You are given a stream of points on the X-Y plane.
Design a data structure that supports adding points from the stream and counting how many squares can be formed with a given query point.
Unlike the simpler axis-aligned version, the square may be rotated at any angle on the plane.
Duplicate points are allowed and must be treated as different points.
For a query point, count the number of ways to choose three points already added to the data structure such that those three points together with the query point form a square with positive area.
A valid square must satisfy all of the following:
- All four vertices are distinct point instances, although duplicate coordinates may exist in the data structure.
- All four sides have the same positive length.
- The two diagonals have the same midpoint.
- The two diagonals have the same length.
Class Name
DetectSquares
DetectSquares()
Initializes the object with an empty data structure.
Method Signatures
void add(List<Integer> point)
Adds a new point to the data structure.
int count(List<Integer> point)
Counts the number of ways to choose three previously added points such that those three points and the query point form a square with positive area, where the square may be rotated at any angle.
Parameter Details
point.size() == 2
point.get(0) is the x-coordinate
point.get(1) is the y-coordinate
Important Notes
- Duplicate points are allowed and must be counted separately.
- The query point itself is not automatically part of the data structure unless it was previously added using
add.
- A square must have positive area, so four collinear points do not form a valid square.

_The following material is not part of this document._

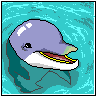dolphin - dolphin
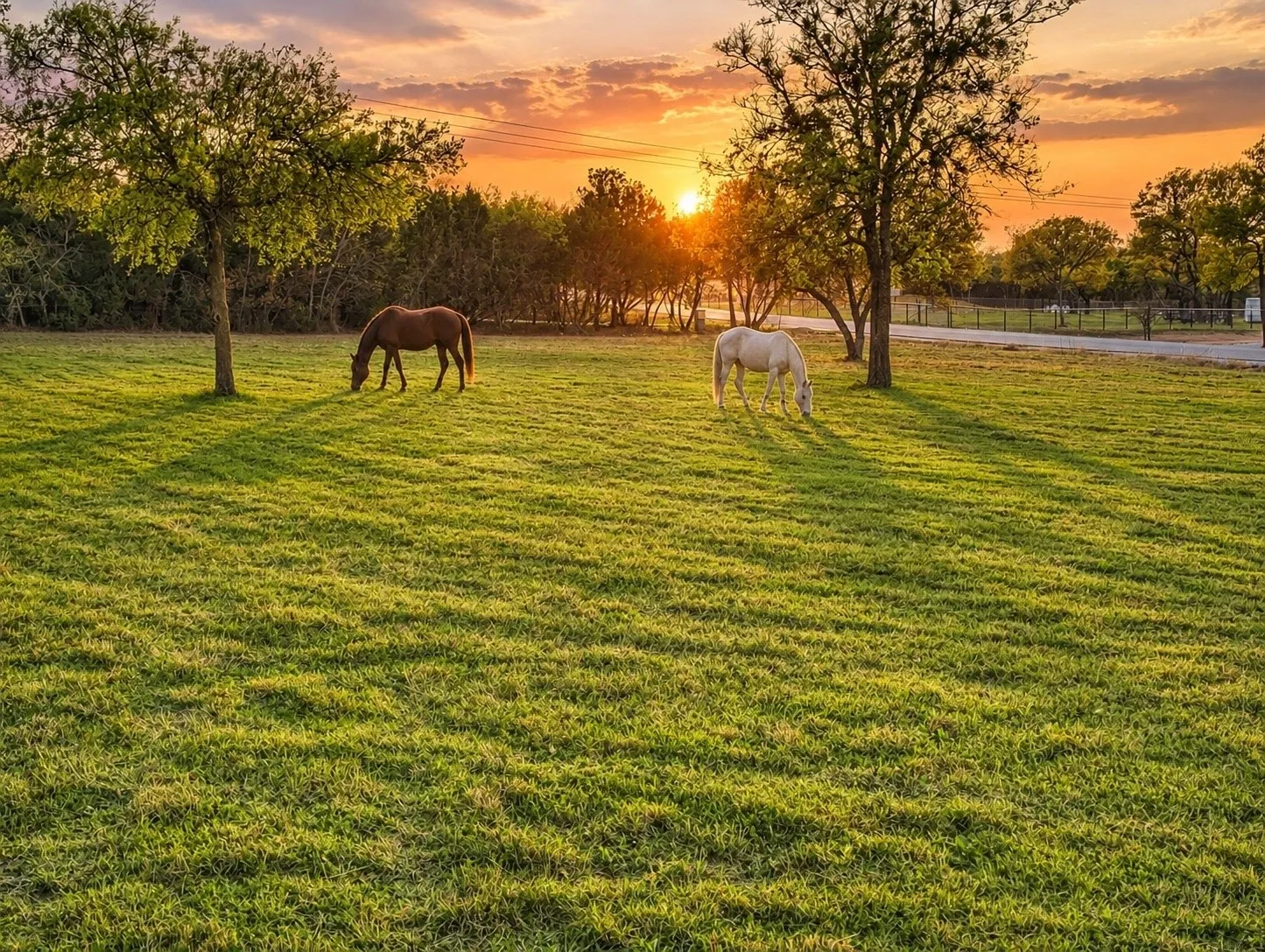 Unimproved Land For Sale in Parker County , 1019 Oak Bend Lane, Weatherford, Texas 76088, 0, 0, Garage spaces, 0 Sqft, built in 0, mls#21354150, Real Estate Agent in Weatherford, Homes For Sale in Parker county, Homes For Sale in Weatherford, Realtor in Weatherford Texas, Real Estate Brokerage Independent Realty Texas, Luminita Cordes Realtor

- The square does not need to be parallel to the x-axis or y-axis.
Constraints
point.size() == 2
0 ≤ x, y ≤ 1000
- At most
3000 calls in total will be made to add and count.
Examples
Example 1
DetectSquares detectSquares = new DetectSquares()
detectSquares.add(point = List.of(1, 0))
detectSquares.add(point = List.of(2, 1))
detectSquares.add(point = List.of(1, 2))
detectSquares.count(point = List.of(0, 1))
Output:
1
Explanation:
The query point is (0, 1).
The three previously added points are (1, 0), (2, 1), and (1, 2).
Together with the query point, they form a rotated square with vertices:
(0, 1), (1, 0), (2, 1), (1, 2)
So the answer is 1.
Example 2
DetectSquares detectSquares = new DetectSquares()
detectSquares.add(point = List.of(1, 0))
detectSquares.add(point = List.of(2, 1))
detectSquares.add(point = List.of(1, 2))
detectSquares.add(point = List.of(2, 1))
detectSquares.count(point = List.of(0, 1))
Output:
2
Explanation:
The coordinate (2, 1) was added twice, and duplicate points are treated as different point instances.
So there are two different ways to choose three added points that, together with query point (0, 1), form the same rotated square.
Example 3
DetectSquares detectSquares = new DetectSquares()
detectSquares.add(point = List.of(1, 1))
detectSquares.add(point = List.of(2, 2))
detectSquares.add(point = List.of(3, 3))
detectSquares.count(point = List.of(0, 0))
Output:
0
Explanation:
All available points are collinear, so no square with positive area can be formed.